The GBP/USD pair attracts fresh buying near the 1.1460 area on Tuesday and reverses a major part of the previous day's downfall. The steady intraday ascent lifts spot prices back above the mid-1.1500s during the mid-European session and is sponsored by broad-based US dollar weakness.
The upside potential, however, seems limited amid the increasing likelihood that both the Federal Reserve and the Bank of England will hike their borrowing rates by 75 bps this week.
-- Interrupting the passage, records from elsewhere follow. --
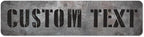 Custom Sign, Custom Street Sign, 11 Font Colors, 13 Font Styles, 4 Hole Options by MySignCenter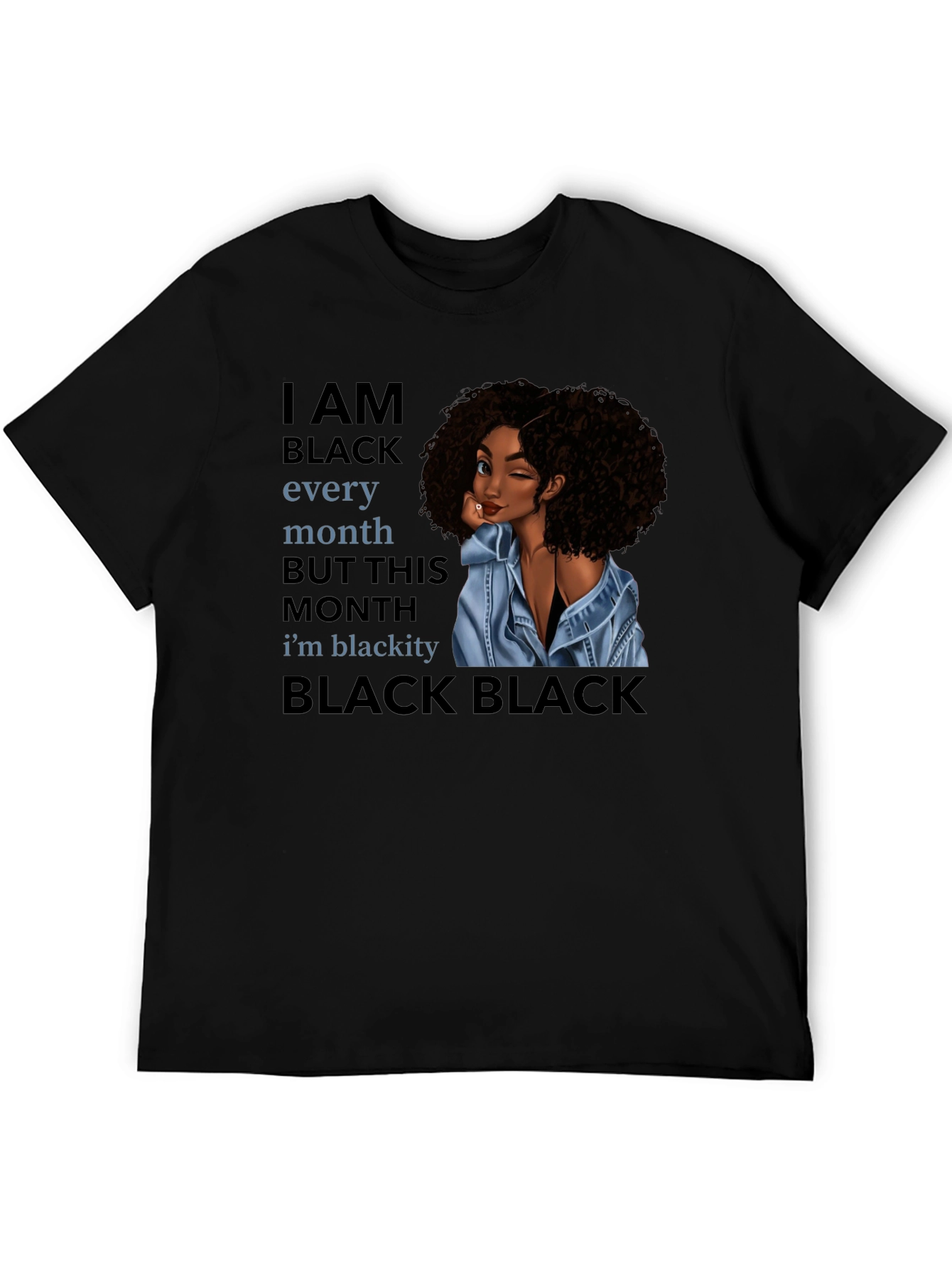 Black Pride Graphic T-Shirt - I AM BLACK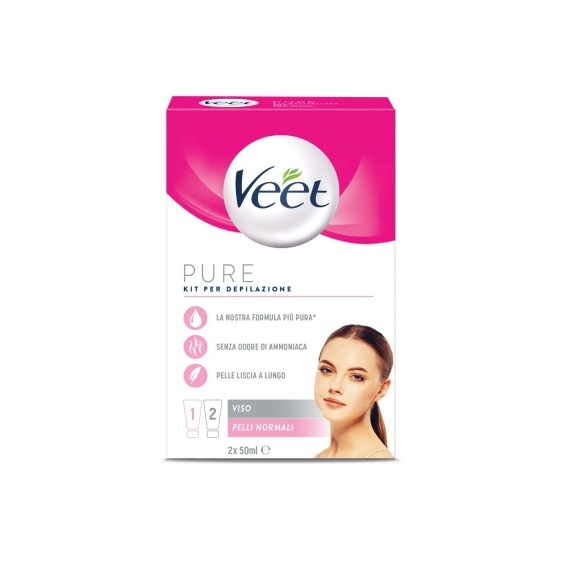 Veet Pure Kit Epilazione Viso Per Pelli Normali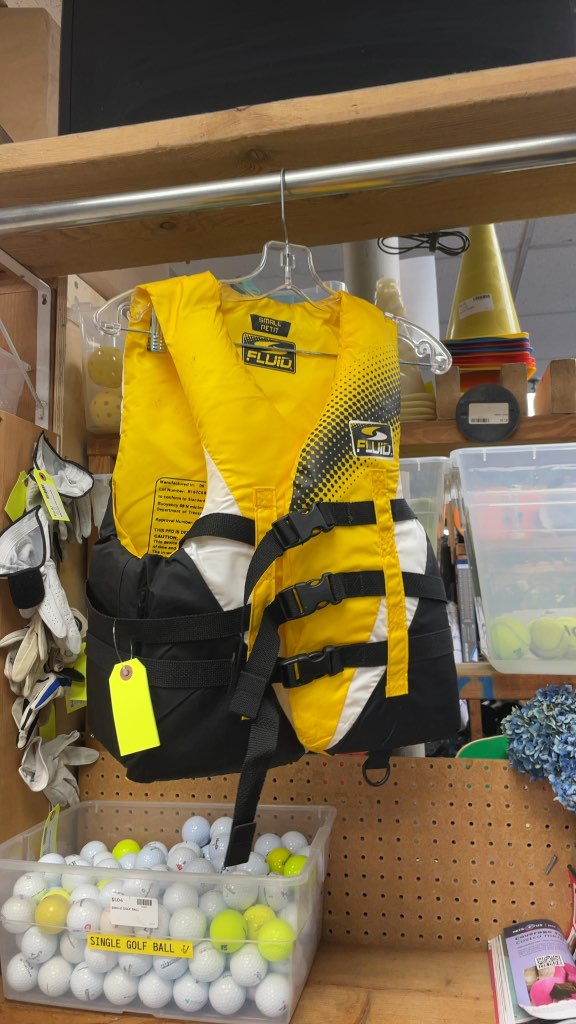 Fluid Life Jacket Size Small Yellow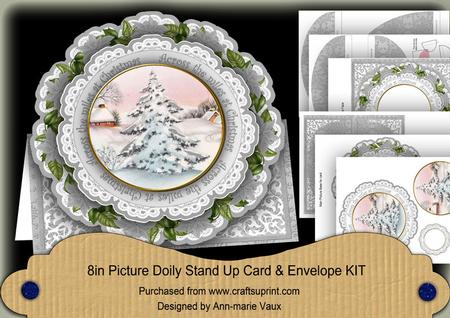 Snow Tree Across the Miles 3D Picture Doily C & E Kit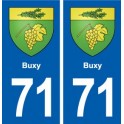 71 Buxy blason autocollant plaque stickers ville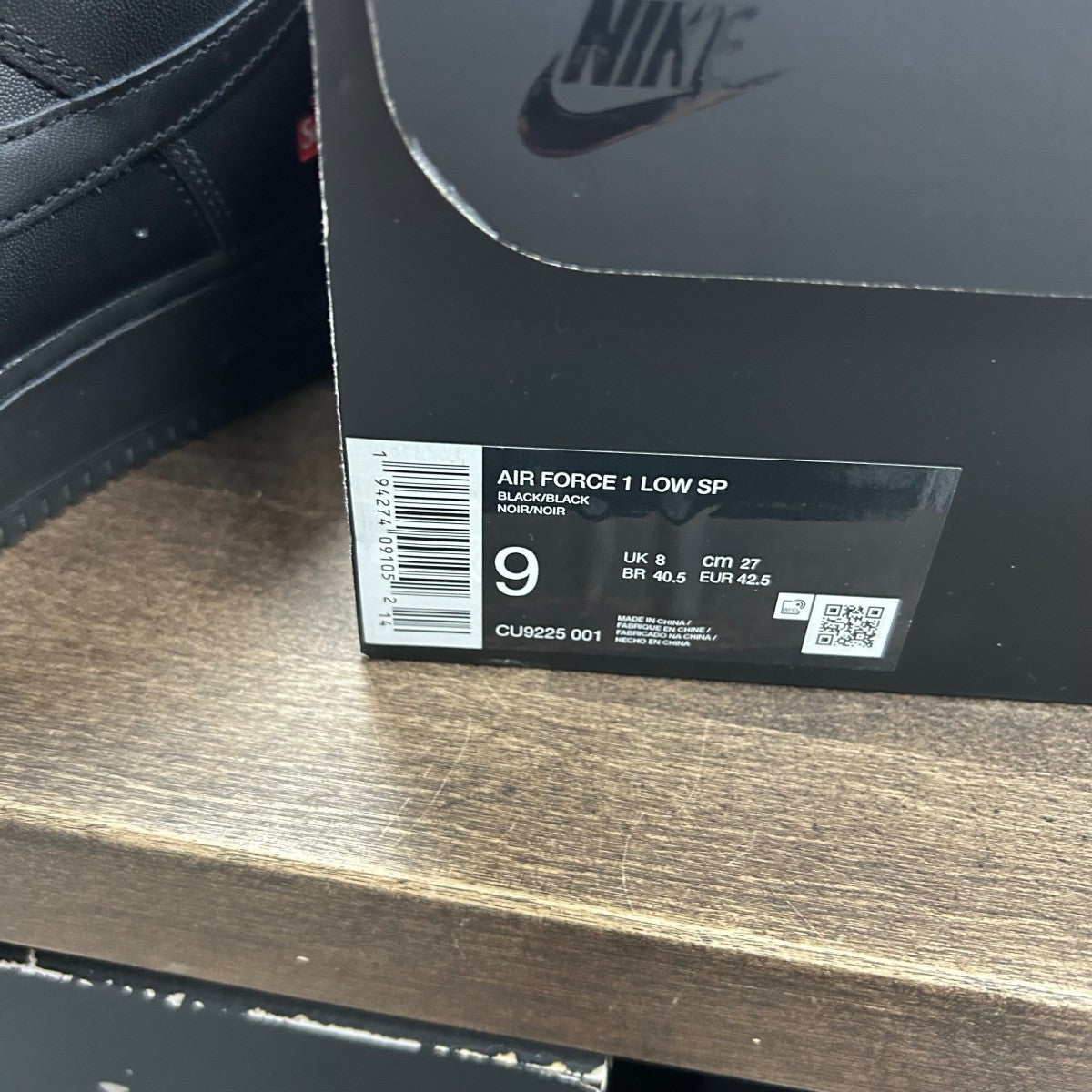 Nike Air Force 1 Low Supreme Black - Image 11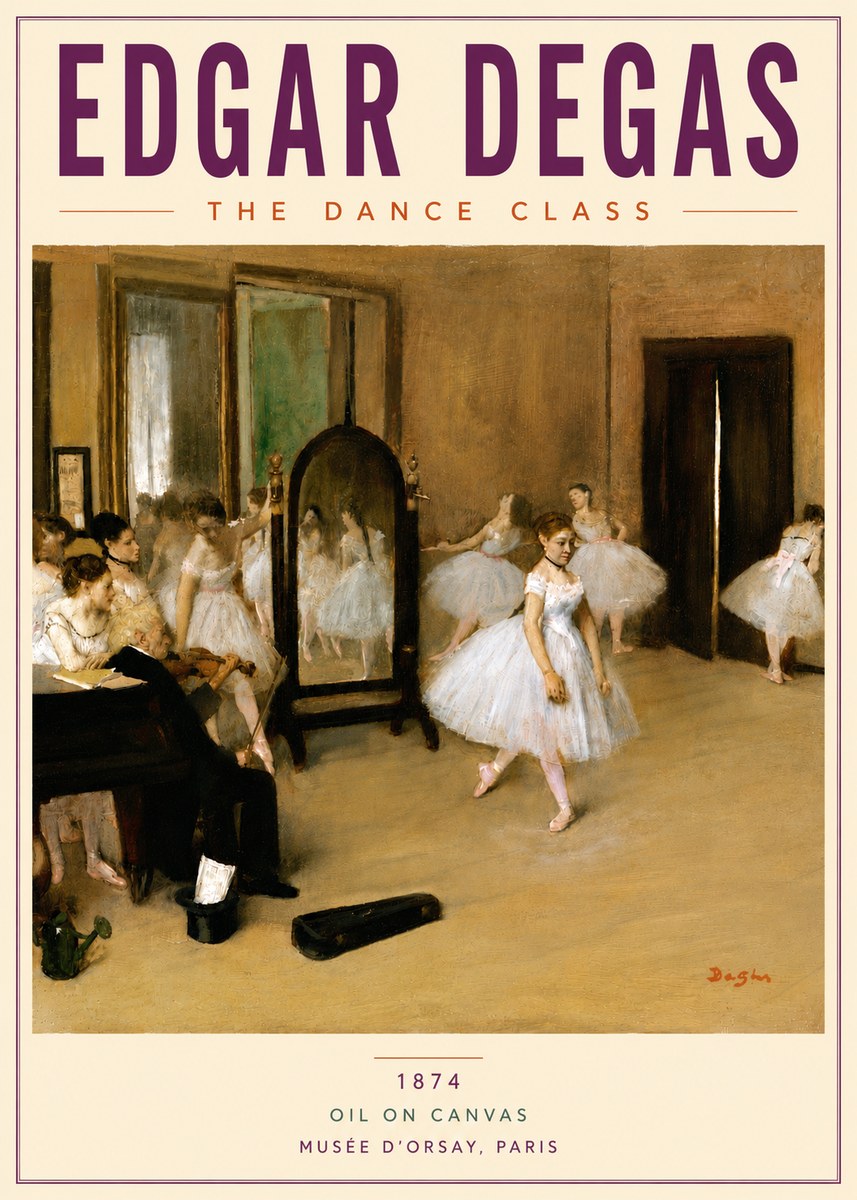 Edgar Degas The Dance Class II No6 - Juliste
Apart from this, the post-decision rhetoric will be closely scrutinized for fresh clues about the pace of the rate-hiking cycle, which will help determine the next leg of a directional move for the GBP/USD pair.
In the meantime, speculations that the Fed will soften its hawkish stance amid signs of a slowdown in the US economy continue to weigh on the USD. In fact, the current market pricing indicates over a 50% chance that the US central bank will hike rates by 50 bps at the December meeting. This leads to a further decline in the US Treasury bond yields and undermines the greenback.
Apart from this, a goodish recovery in the global risk sentiment - as depicted by a generally positive tone around the equity markets - is seen exerting additional downward pressure on the safe-haven buck. That said, traders might refrain from placing aggressive bets and prefer to move to the sidelines ahead of the central bank event risks - the Fed on Wednesday and the BoE on Thursday.
Hence, it will be prudent to wait for strong follow-through buying before positioning for any further appreciating move. Market participants now look forward to the release of the US ISM Manufacturing PMI. This, along with the US bond yields and the broader risk sentiment, will influence the USD price dynamics and allow traders to grab short-term opportunities around the GBP/USD pair.